Coco Chanel did it, when she tossed the corset and started making little bouclé suits that fit like sweaters. Christian Dior did it, with the New Look. Yves Saint Laurent, with the subversive chic of Le Smoking. Cristóbal Balenciaga, with his purist architecture. More recently, Giorgio Armani did it with his deconstructed power suiting, and Martin Margiela, with his deconstructed ideas of beauty. They created their own vernacular that was then absorbed into fashion writ large, and from there into closets everywhere.
But those are just a few names in the grand sweep of fashion, and the truth is most designers — even the ones who are very successful — never have even one idea that rises to that level. They just make good clothes that people want to buy because they seem relevant. There’s nothing wrong with that, but it also doesn’t change our sense of self, which is what the design that looks nothing like what you thought you wanted but that seems suddenly exactly like who you think you want to be can do.
And even the ones who did change fashion didn’t really do it more than once. Having figured out their special thing, they pretty much stuck to it, season after season. (Hello, Armani jacket.
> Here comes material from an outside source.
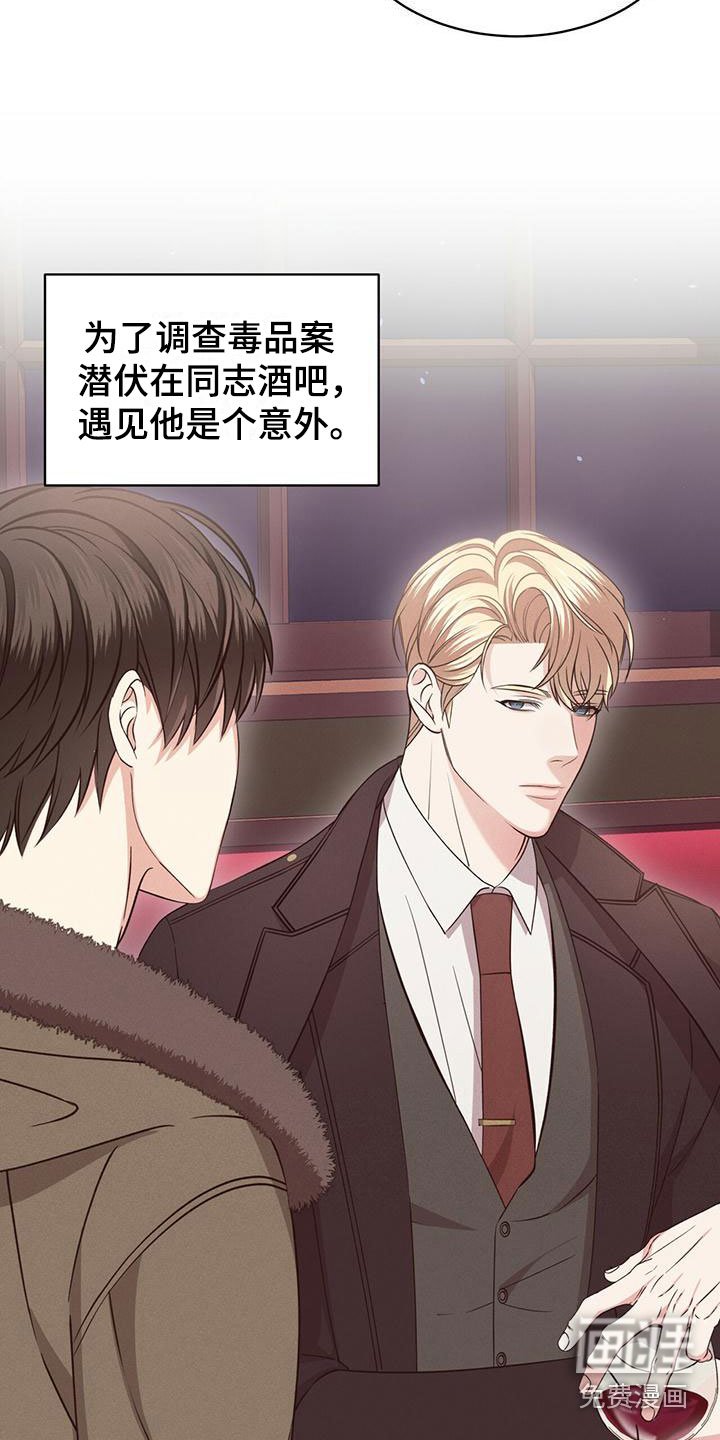 第14章：特别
How are you, Birkin bag?) That’s part of what convinced consumers that such items are worth investing in: their sheer longevity.
It’s not that Mr. Michele’s designs themselves were so revolutionary; they often looked notably vintage. It was the way he defined fashion in the first place, and who it was for, that made it resonant and seemed to crystallize the contemporary cultural moment.
He arrived at a brand known for its jaded, nouveau riche mix of python, late-night panting and Jackie O aspiration and transformed it into a big-tent world of fashion geeks and freaks, romping through gender, time periods and fantasy. He made loafers into bedroom slippers and lined them in fur; put horn-rimmed glasses on silver screen sirens; and sent models down the runway carrying replicas of their own heads. He made deals with Major League Baseball, Disney and Dapper Dan.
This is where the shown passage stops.